– Bájame -protesta el anciano-. Puedo caminar, puedo caminar. Escaleras, no. Piso, sí.
– Éste es el doctor Otto Solomon -dice Johnson-, socio del doctor Vallardo hace muchos, muchos años, y creo que él podrá arrojar un poco de luz sobre esta delicada cuestión.
El médico -un hadrosaurio, si el olor me llega correctamente- aún lleva su disfraz humano, y es un tío realmente curioso. Tiene un acento como el de un comandante de las SS, metro sesenta de altura, la cara como una piña, los folículos puosos aferrados al cráneo, y se arrastra para ganar la carrera pero libra una batalla perdida. Es una notable aproximación al deterioro humano y soy incapaz de no maravillarme ante la elección de su disfraz; sólo espero que cuando llegue a su edad tenga las agallas necesarias para describir con tanta precisión mi propia decrepitud física.

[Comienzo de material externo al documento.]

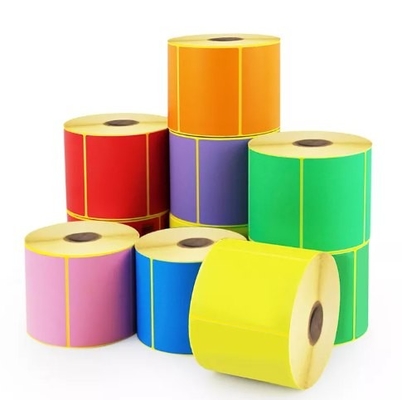 Geprinte directe thermische kleurenlabel Sticker Kleurenlabel Top Thermische labelsticker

– ¿Qué estás mirando? -pregunta, y yo sonrío, y lo siento por aquel a quien haya sorprendido mirándolo subrepticiamente-. He preguntado ¿qué estás mirando, velocirraptor?
– ¿Yo?
– ¿Ya has terminado de mirar?
– Sí
– Sí, ¿qué?
– Sí…, doctor.
– Eso está mejor.
El doctor Solomon recupera su andador de manos de Harold y se acerca rápidamente al centro de nuestro círculo: clop, tump, tump; clop, tump, tump. Se mueve con sorprendente velocidad para tratarse de un dinosaurio de su edad y sus achaques.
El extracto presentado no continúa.